In Edinburgh from this Saturday, the RSA New Contemporaries exhibition will be open to all and sundry. It’s a convenient opportunity to see who the society has deemed the crème de la crème of the past year's art graduates. Always exciting, we got some hints about what’s coming your way, which you can catch up on in our rundown of some of the most exciting exhibitors. New Contemporaries is open til 8 April and entry is £4 (£2 concession).

In Dundee this Friday, from 6-8pm in the Hannah Maclure Centre, is the opening reception for the show Decoding Space. Taking its beginnings as the interaction of art, performance and technology, there is a strong multidisciplinarity to the range of artists who are included. Independent games development studio Quartic Llama are showing work alongside internationally renowned and adventurous artists’ group Blast Theory. This Friday, there is a live performance by the dance company Small Petit Klein. The exhibition continues from 16 Mar - 10 Apr. Also opening this Friday is Jessica Ramm’s show at the Tramway in Glasgow, from 7-9pm – read more about the show in this month’s events guide.
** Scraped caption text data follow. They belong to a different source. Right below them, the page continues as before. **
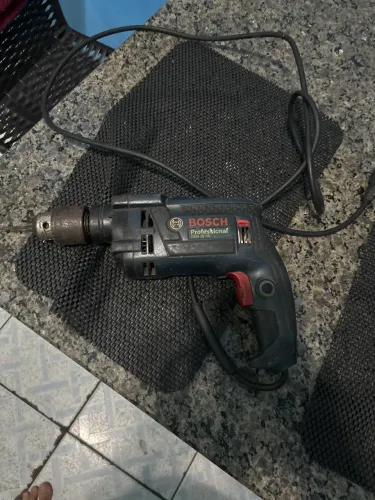 Furadeira Bosch GSB 16 RÉ
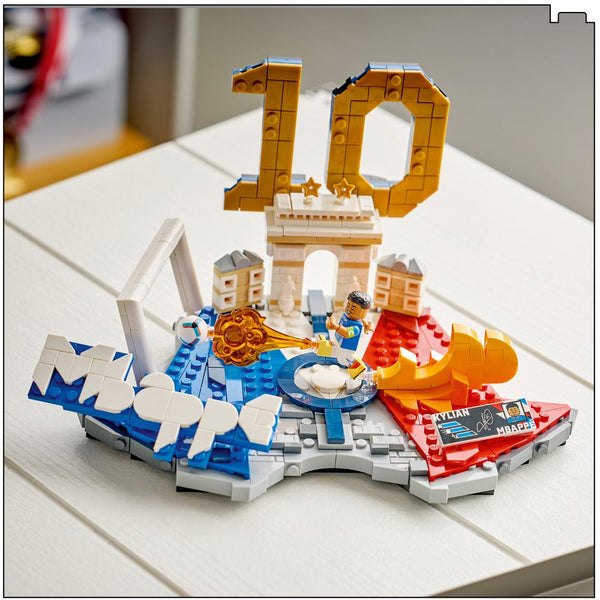 LEGO®Editions, Editions Sports: Kylian Mbappé: Fenómenos Del Fútbol (43013)_007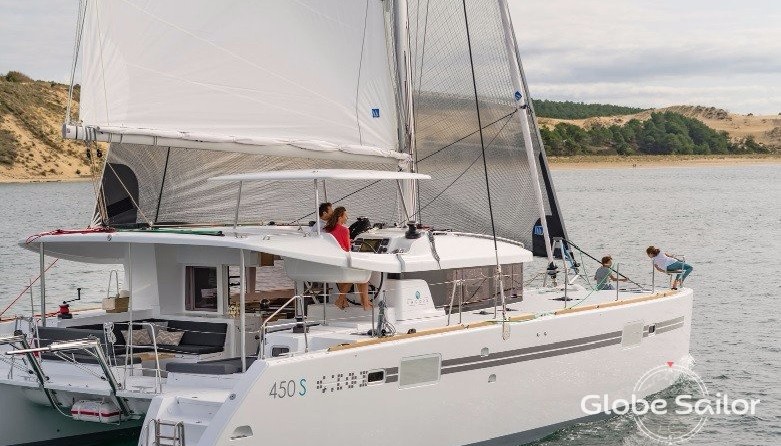 Lagoon 450 SporTop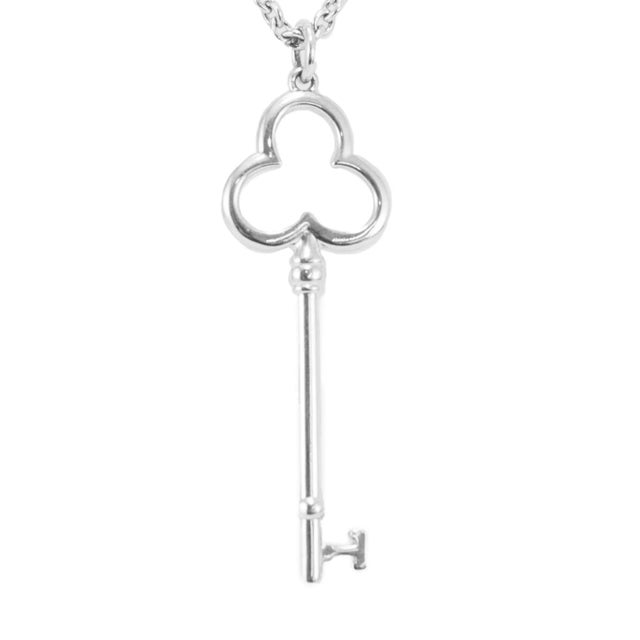 Modern Ladies Tiffany & Co. 925 Sterling Silver Clover Trefoil Key Pendant Necklace For Sale - Image 3 of 9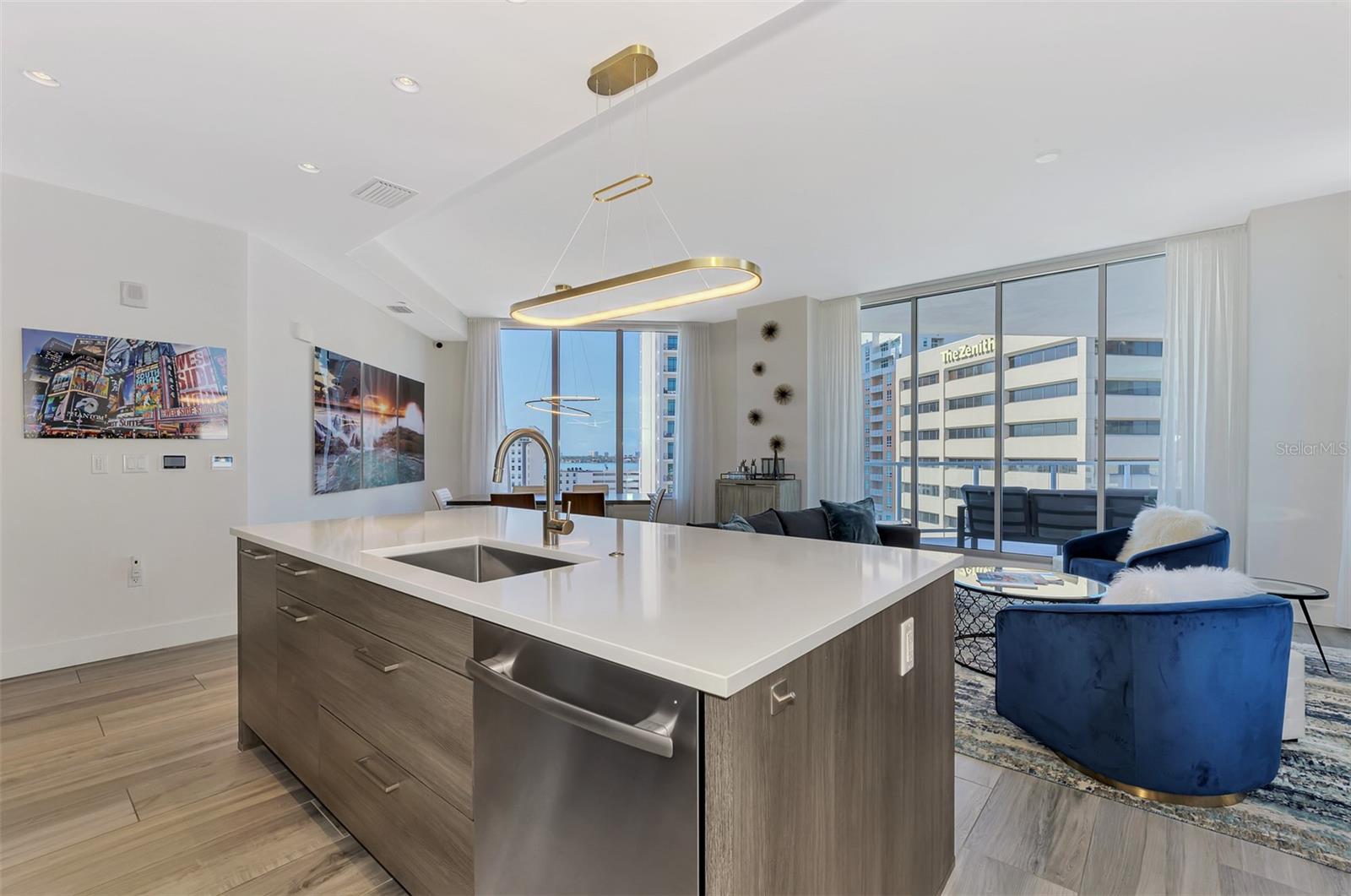 111 S PINEAPPLE AVE #915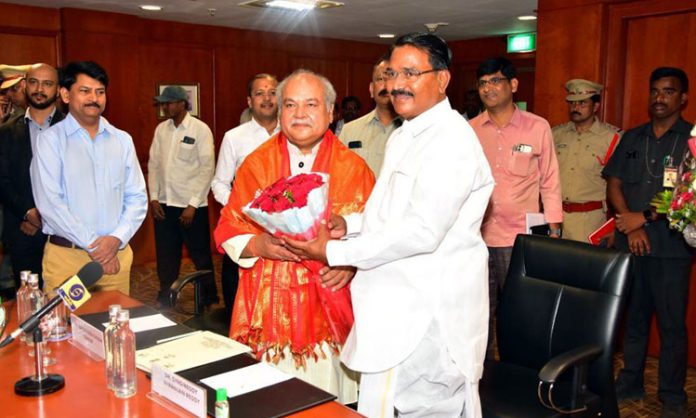 Union Minister Tomar meet Minister Niranjan Reddy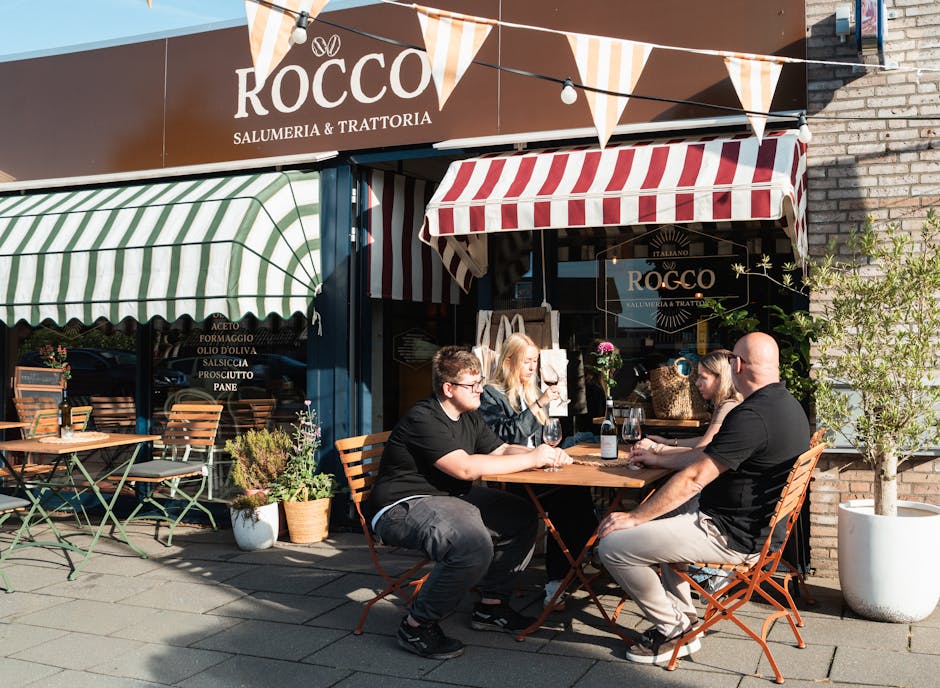 MaximaVida klappbares Akazien-Gartenset Toscana 120 cm rostbraun auf der Terrasse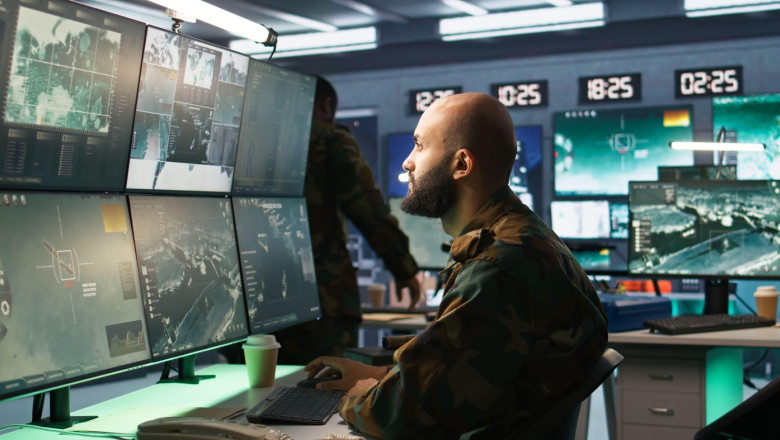 NATO incearca sa sporeasca fortele de aparare antiaeriana din Europa pentru a se pregati pentru o agresiune rusa (Bloomberg) Imagine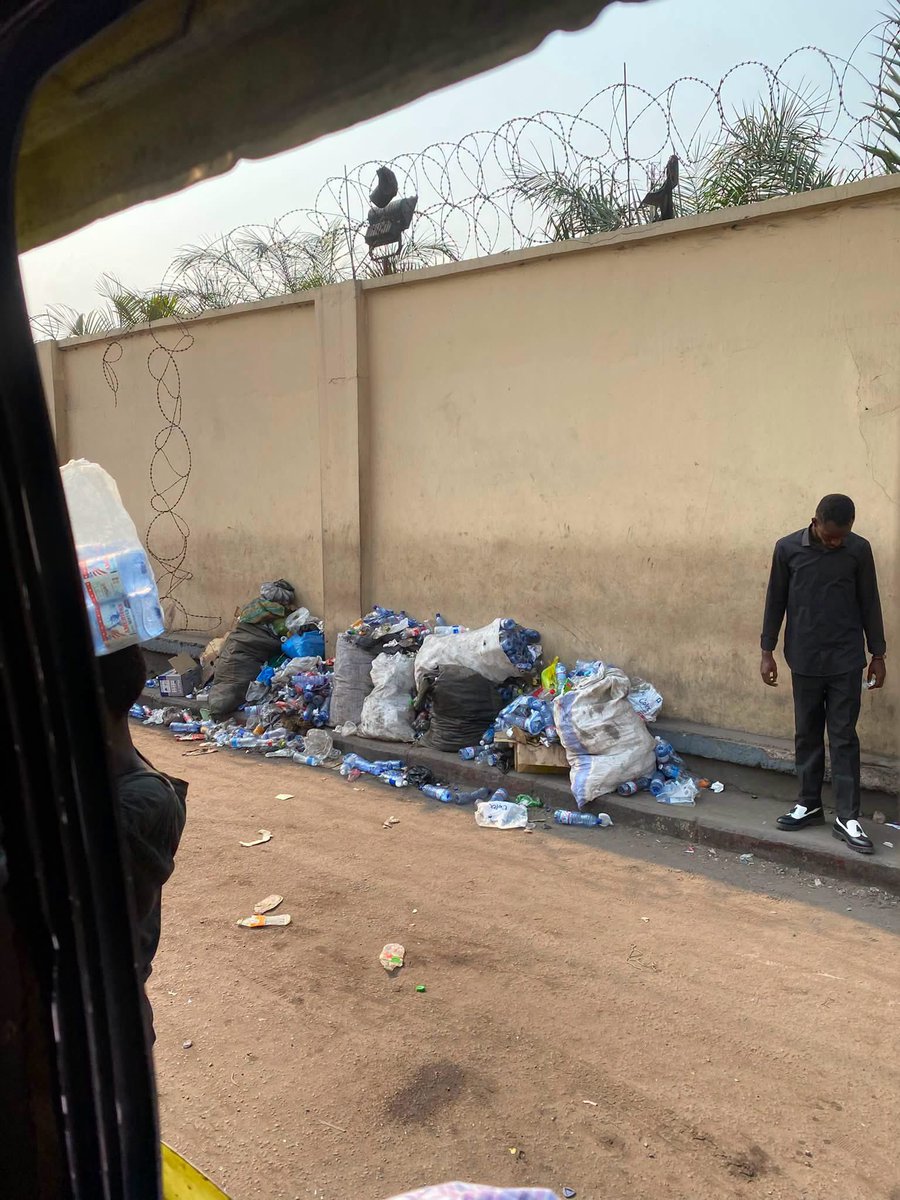 KimKimuntu's tweet photo. De Passage ￼lundi à Magasin kintambo, j’ai été indigné de voir cet Amas d’immondices qui gît par terre. Je l’ai immortalisé pour vous. Pour vous faire comprendre l’inutilité de l’intervention du Service national ici à #Kinshasa.

WE https://t.co/gOJuX8jwTt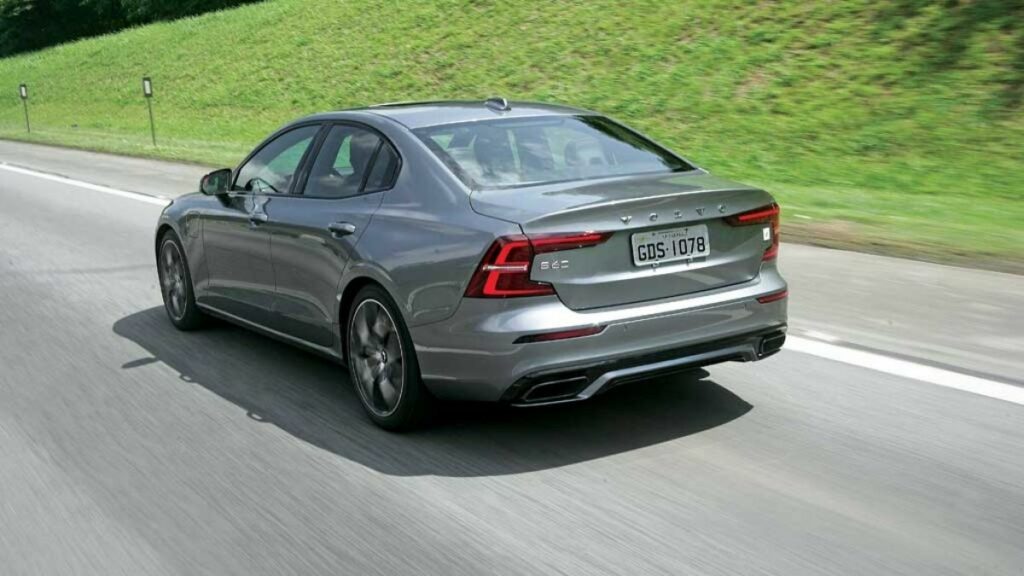 Volvo S60 2022 traseira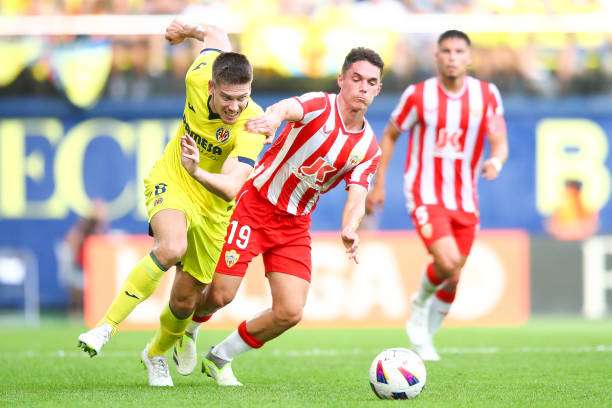 Foyth completó todo el partido en Villarreal.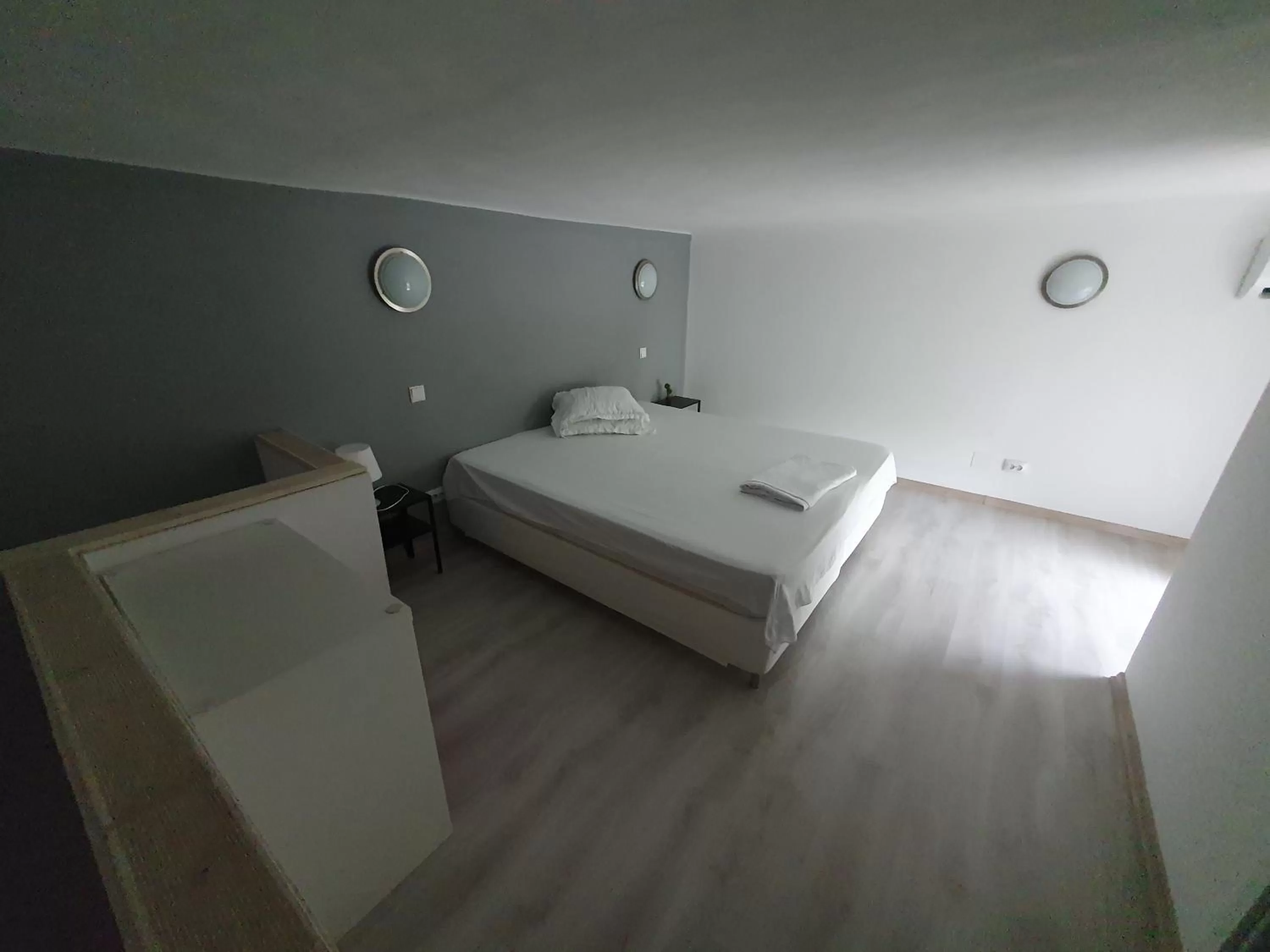 Bed in The Floor Piata Unirii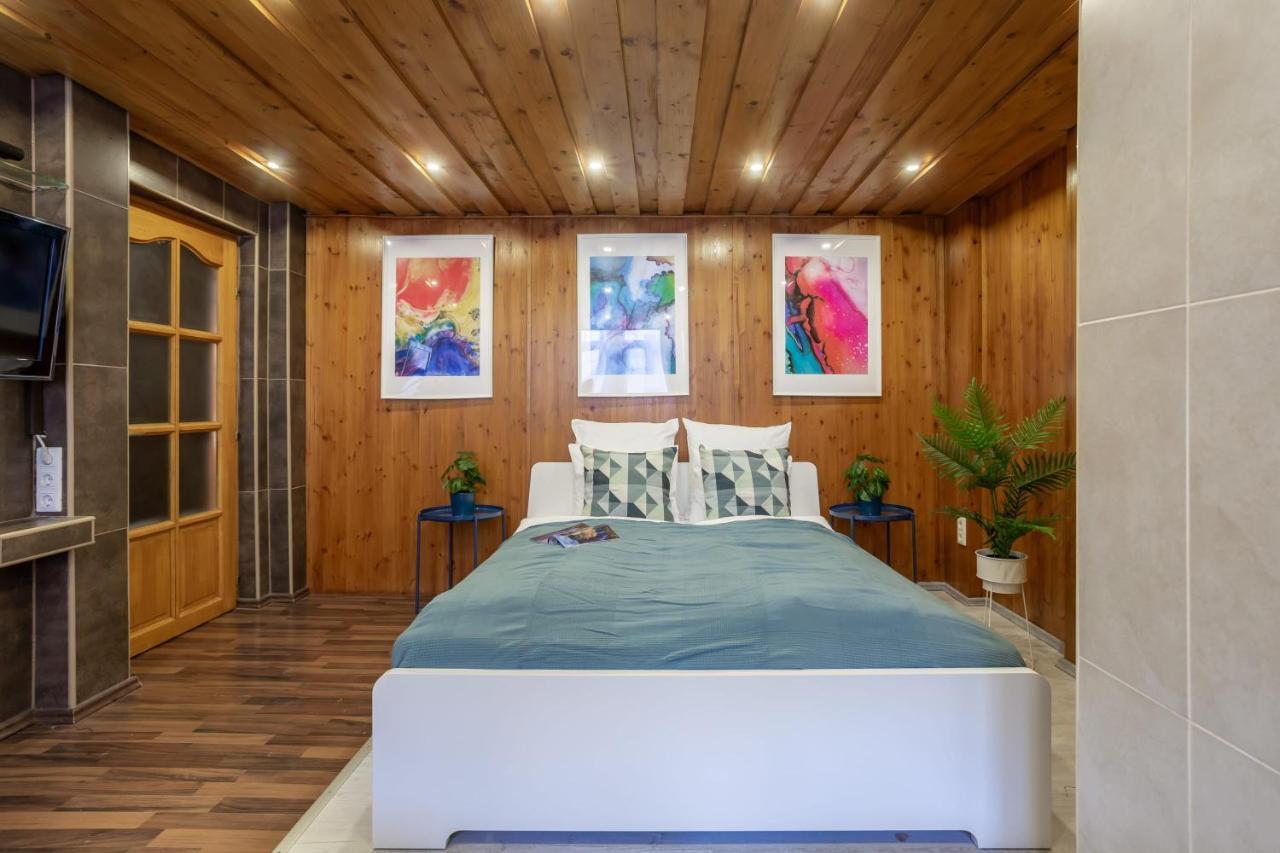 Apartment Feel At The Heart Of The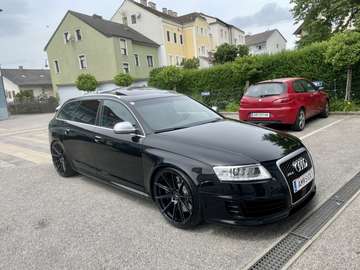 A6 Avant quattro Tiptronic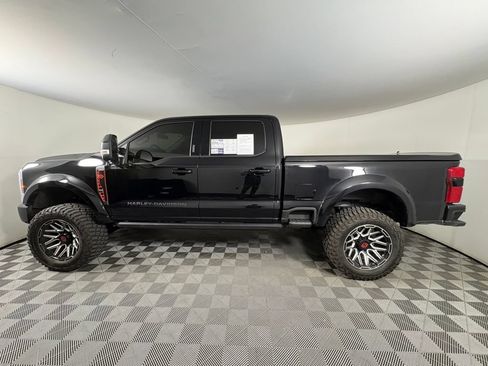 Used 2026 Ford F250 Lariat w/ Black Appearance Package AWD/4WD image 4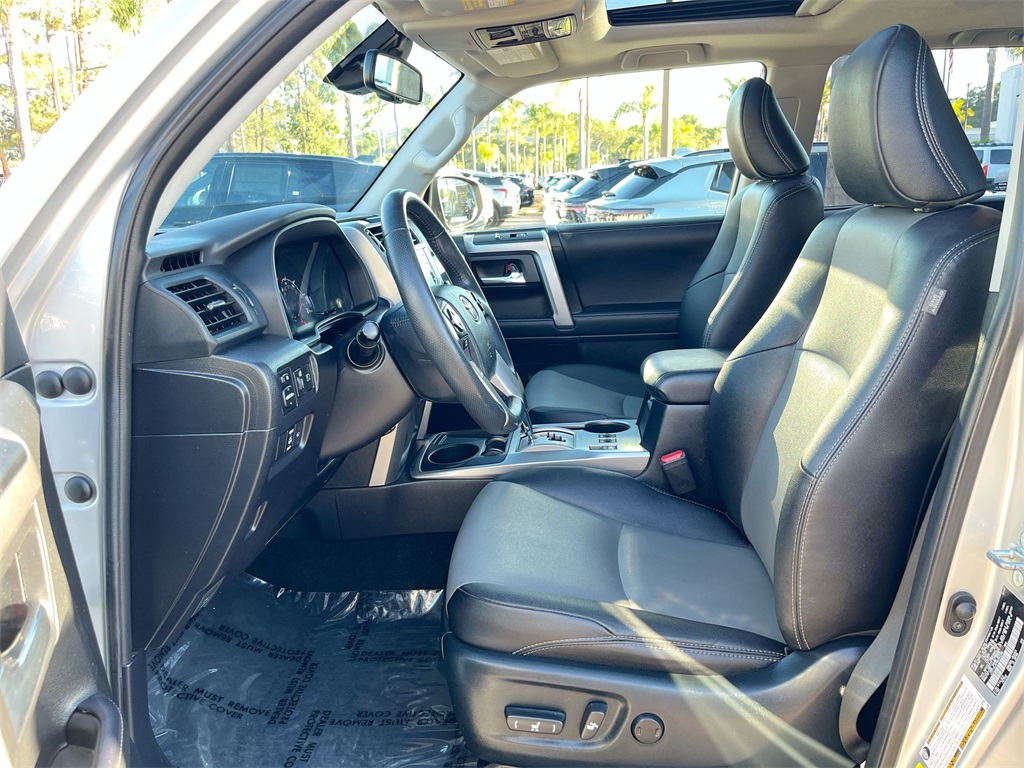 2022 Toyota 4Runner SR5 Premium photo 20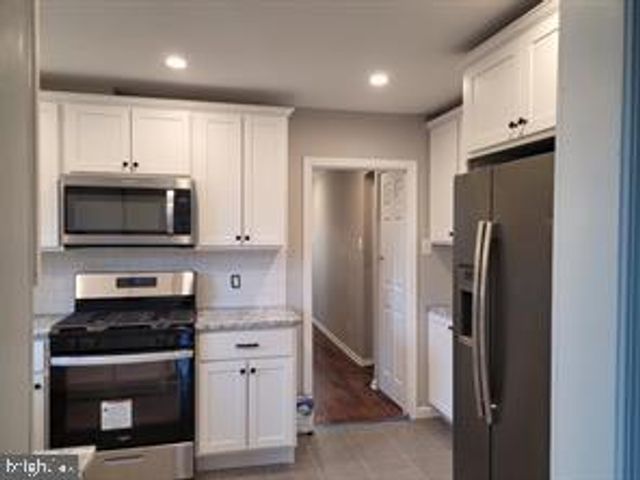 2822 JENKINTOWN RD, Glenside, PA 19038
Finally, this Monday sees the third in the series of five one-night exhibitions by recent graduates of Glasgow School of Art Painting and Printmaking at the Old Hairdresser’s. This time, it’s Fran Caballero’s turn, with his large-scale takes on still life painting. There’s a flat brightness to the work that pares down the figurative elements to become graphic, allowing them to be arranged amongst outright abstract elements and pattern, or masked off, all the while the paint variously flat and textured to create complex surfaces. With the excllent title of Gjallarhorn and the 10 Fight Losing Streak, the exhibition is open from 6pm on Monday 16 Mar.